La elección de los años 90 en Buenos Aires, Argentina, debe ser el primer motivo de reflexión del espectador que ve la película “Alemania”, de María Zanetti .Y por extensión, reflexionar sobre la elección de una época para situar en el tiempo y en el espacio lo que el autor quiere contar. ¿Por qué tomar esa decisión previa si también el narrador puede no tomarla? ¿Por qué echar mano de la Historia con mayúsculas para contar una historia con minúsculas? Ya lo he dicho en otras ocasiones: para experimentar la permanencia y la esencia de lo eterno en nuestras vivencias efímeras. ¿Existe lo eterno? Nuestras existencias son un prueba de ello, aunque nuestro afán de inmortalidad lo desmienta porque cada día lo desfigura. Es la profesión del ego digital y adanista posmoderno. Para experimentar la capacidad que tenemos de transcender más allá de la rala y ruidosa actualidad donde vivimos. Solo así, creo yo, se puede captar y experimentar la totalidad de la vida vivida por seres finitos y mortales, tal y como somos los seres humanos.

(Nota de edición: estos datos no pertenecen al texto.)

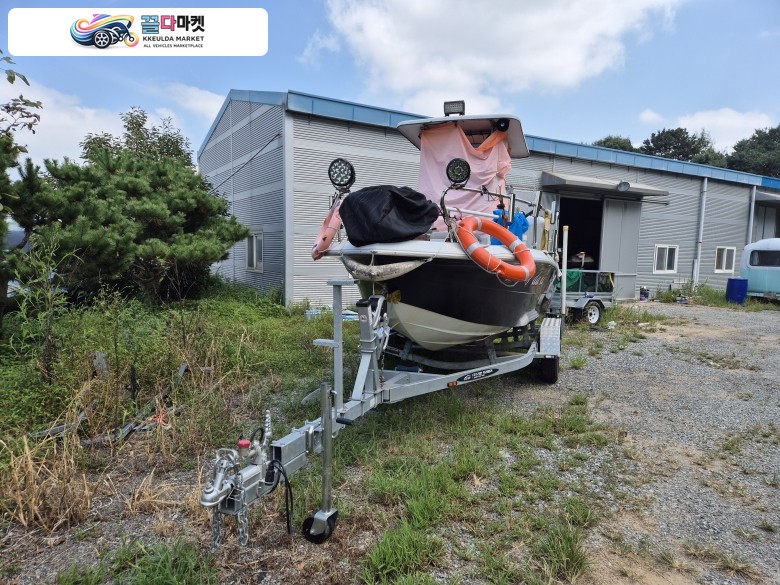 국산기타 낚시보트 2018년식 네이처 19피트 FRP보트 판매합니다. 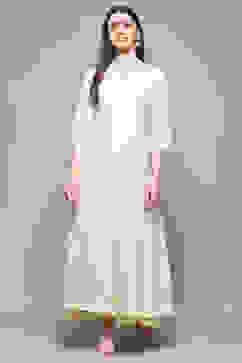 White Polyester Blend Straight Dress image number 5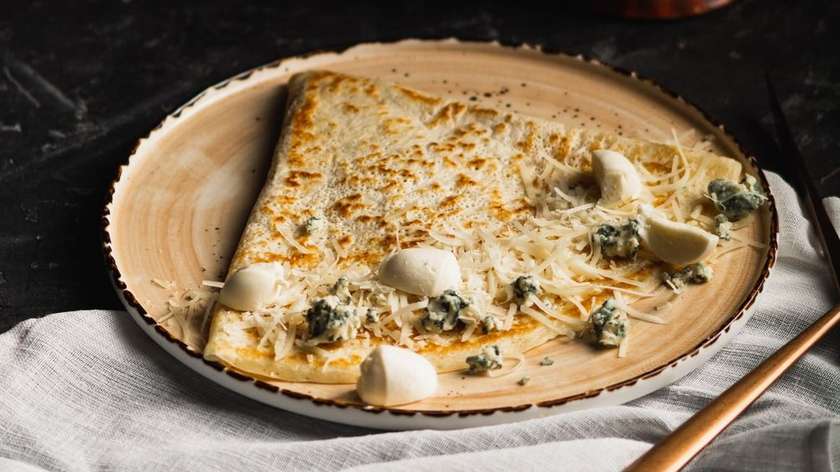 Pancake with four cheeses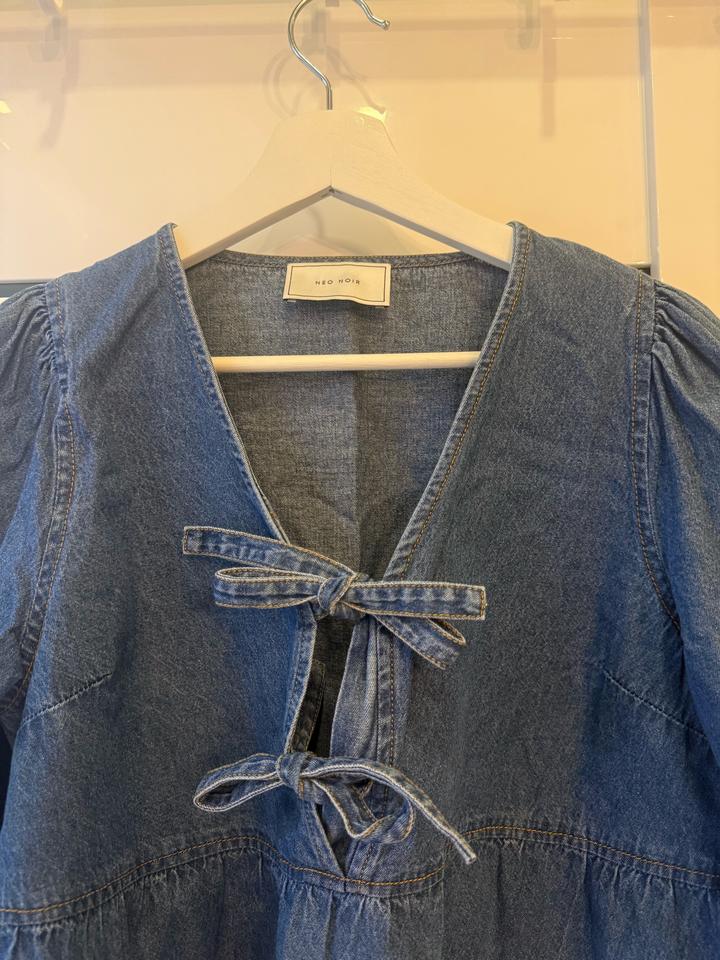 Джинсовая блузка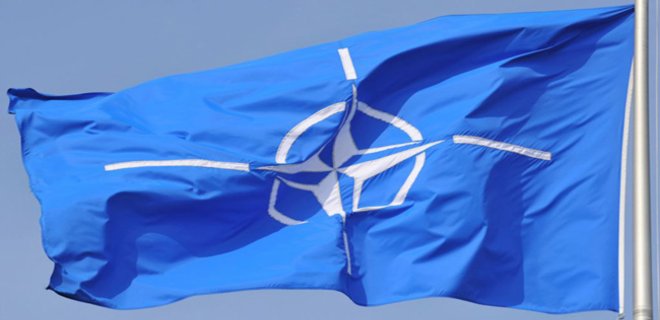 НАТО не подтверждает отвод российских войск от границы Украины - Фото
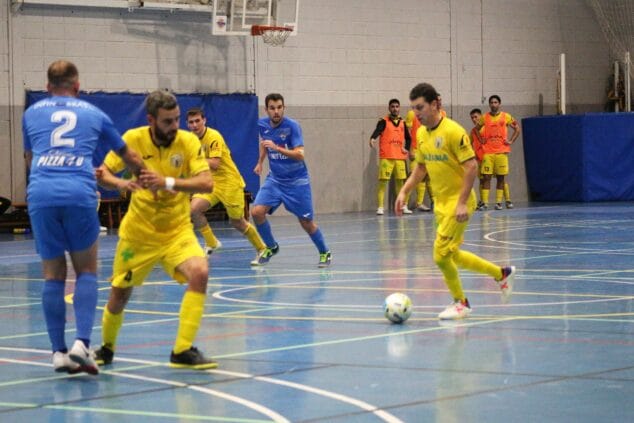 Imagen: Jugadores del CFS Mar Dénia durante el partido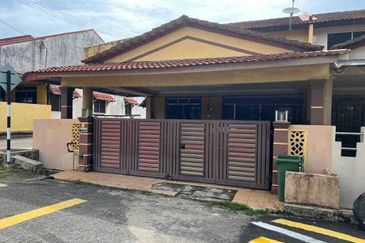 Teres Taman PSJ 1 Tingkat Setengah Sungai Karang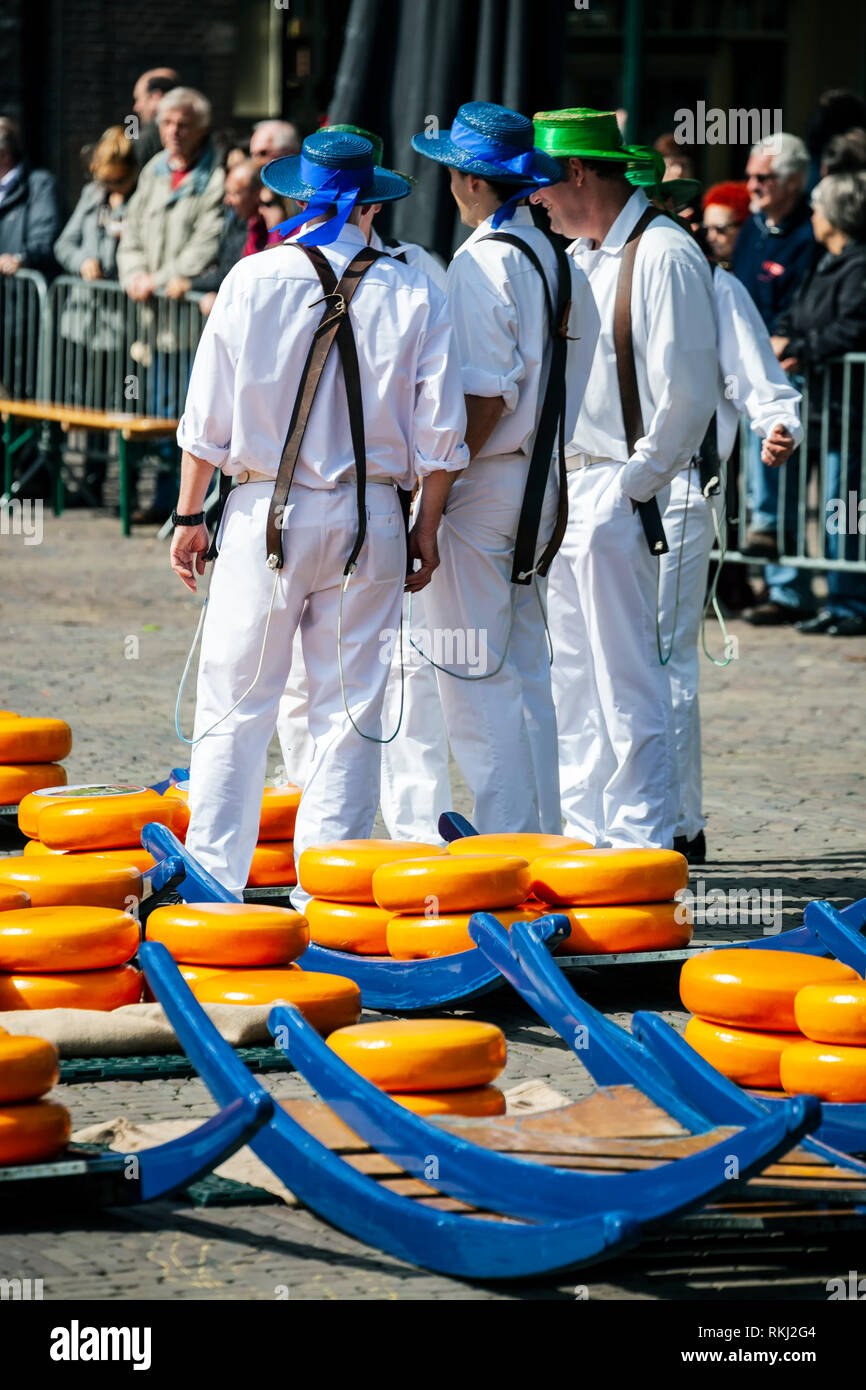 Käse Läufer stehen, Käse runden und Schlitten, Käsemarkt, Holland, Niederlande Stockfoto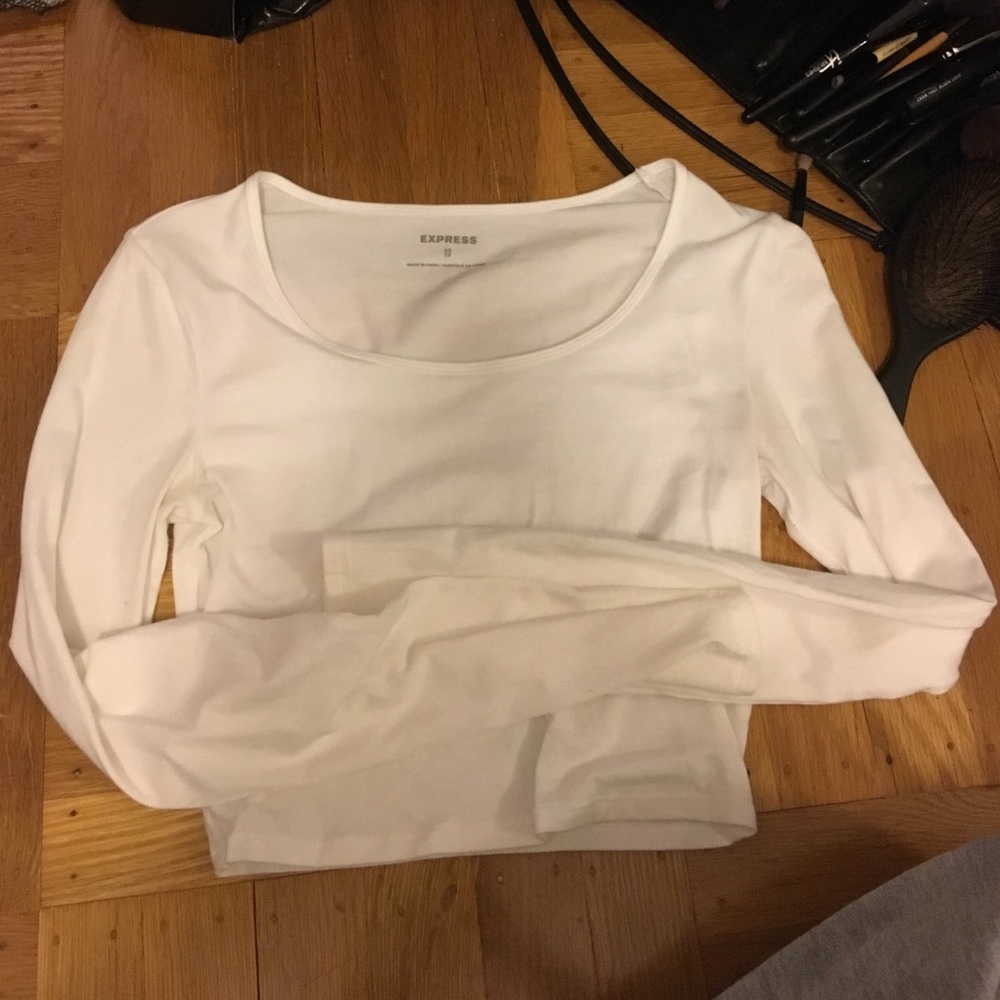 White long sleeve crop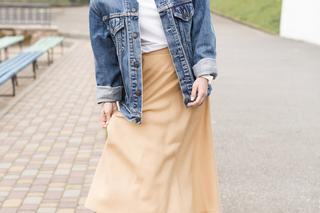 Długa spódnica to także świetna propozycja dla miłośniczek stylu casual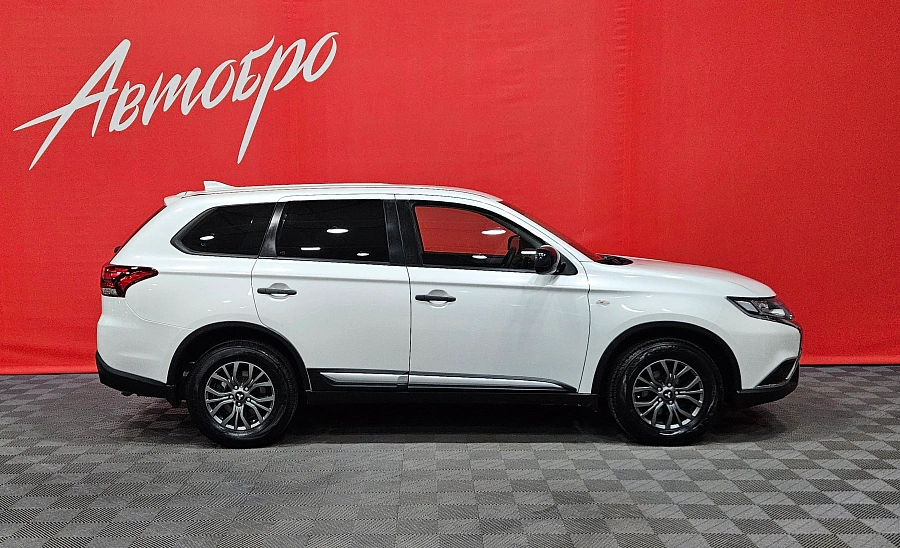 Mitsubishi Outlander, III Рестайлинг 3 2019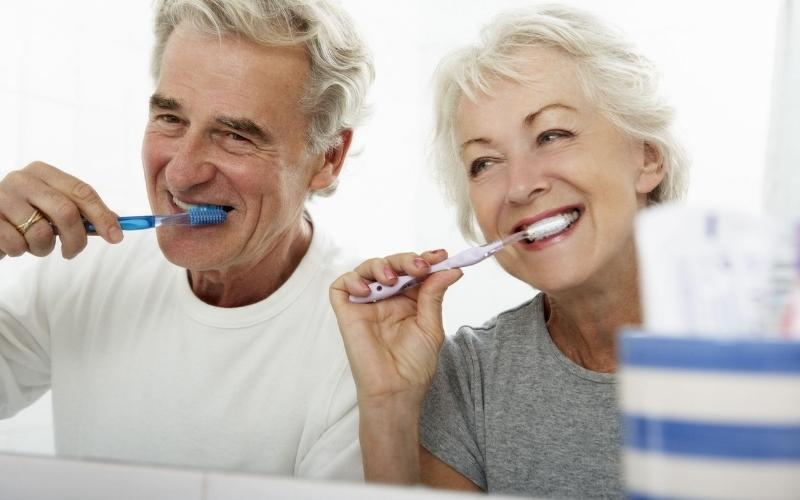 Bọc răng sứ Titan sử dụng được bao lâu phụ thuộc nhiều vào cách chăm sóc răng miệng của từng người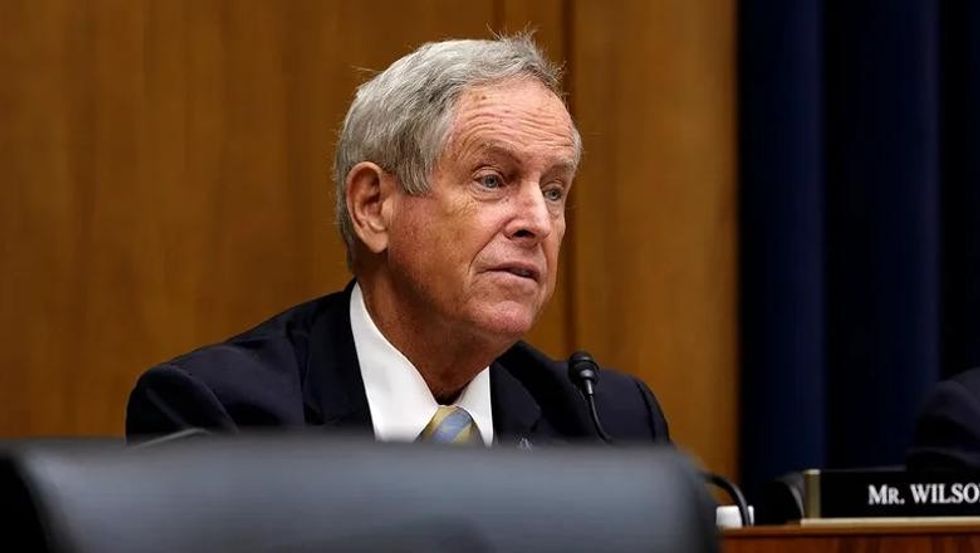 Wilson ngre pretendime për përpjekje për manipulim të zgjedhjeve në Serbi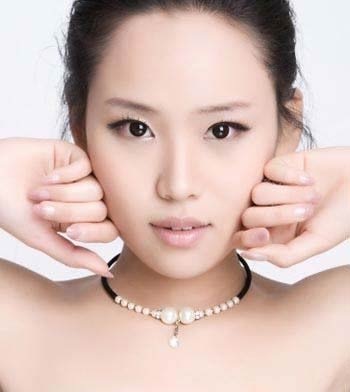 Bảo vệ da đón nắng hè - 1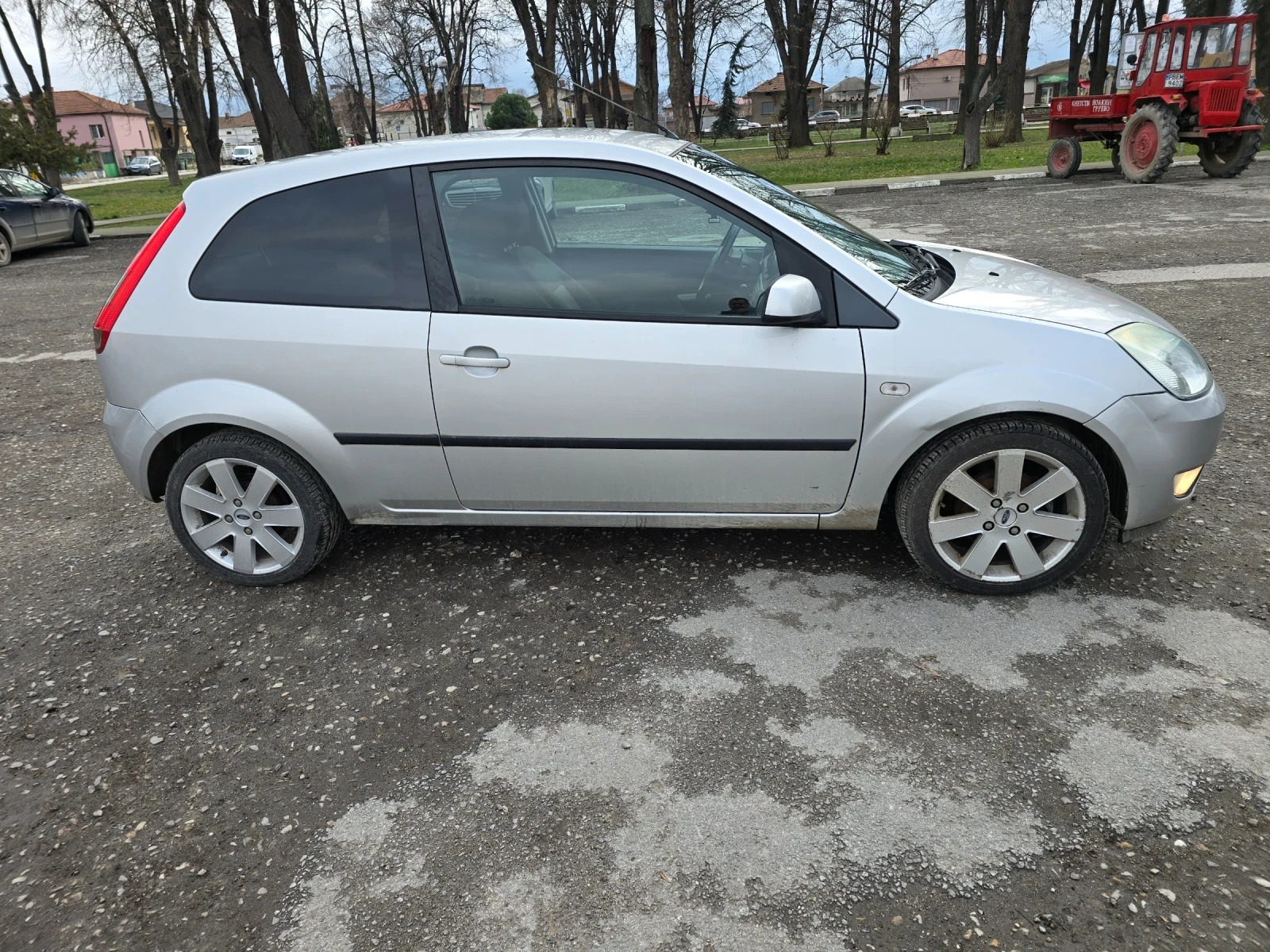 Ford Fiesta 1.3 КЛИМАТИК - изображение 3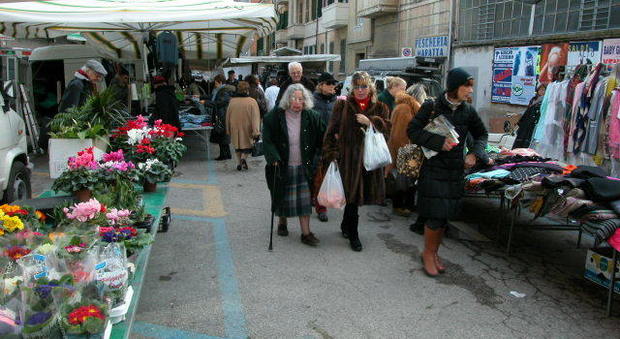 Lunedì riapronto i mercati anche scoperti, ecco come accedervi. Trasloca il mercato di via Maratta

Vistas así las cosas, Lola, la protagonista adolescente de 16 años de la película, puede ser cualquier adolescente de 16 años de cualquier sitio y en cualquier tiempo perteneciente a eso que narrativamente se llama nuestra realidad compartida contemporánea. Y si digo que Lola es más sociable que su hermana Julieta debido a la enfermedad mental que ésta padece, no estoy hablando de algo que cualquier espectador no sepa cuando se pone delante de la pantalla. Y si luego digo que Lola siente envidia de amistades fuertes cuando la suya se tambalea, ocurre lo mismo. O si digo que a lo largo de la película Lola aprende que algunos vínculos pueden ser más fuertes, pero otros no tanto, que las relaciones cambian y que a pesar de los distanciamientos (geográficos o emocionales) hay muchas formas de estar cerca, etc etc. estoy diciendo que todo es reconocible sin dificultad por cualquier espectador normal, ya que son los parámetros entre los que habitamos los miembros de una familia de clase media actual de cualquier ciudad urbana occidental. Sin embargo, lo que hace diferente e irrepetible a la Lola de la película de todas las Lolas de clase media de cualquier ciudad urbana es que lo que le sucede a la Lola de la película solo le sucede a ella y solo, muy importante, mientras el espectador la está mirando en su deambular por el argumento donde la ha metido la directora. Ni un metro fuera, ni un minuto antes o después. Si el espectador tiene esto en cuenta a la hora de mirar la película, ya tienes enmarcado como algo diferente lo que a todas luces parece algo ya visto. Es decir, que si la actriz Maite Aguilar es una chica de 16 del montón, por decirlo así, Lola se encarna en su figura física y mental de manera única y permanente. Todas las adolescentes, quitando la vestimenta y los inquisidores de turno, sueñan de la misma manera en cualquier época y lugar. Y eso es lo que él espectador mira. Y debe hacer algo con eso que mira y que, a su vez, le mira. Digo todo esto porque al igual que muchos cuentos norteamericanos del mal llamado realismo sucio, Raymond Carver y compañía, en la película “Alemania”, con Lola y su familia a la cabeza, parece que no pasa nada, pero, sin embargo, intuyo que se ha colado de rondón en tu alma la vida, sin adjetivos ni edulcorantes, ni colorantes ni fatuas provocaciones. Y eso me parece bien.
Al final Lola se marcha a Alemania a cumplir su ilusión del intercambio estudiantil. Se despide de sus padres y de sus hermanos, y de la abuela, como si no hubiera pasado nada. Y ha pasado todo y de todo. Así es la vida. La vida pasa mientras nosotros imaginamos como pasa, decía el beatle de Liverpool. Pues si.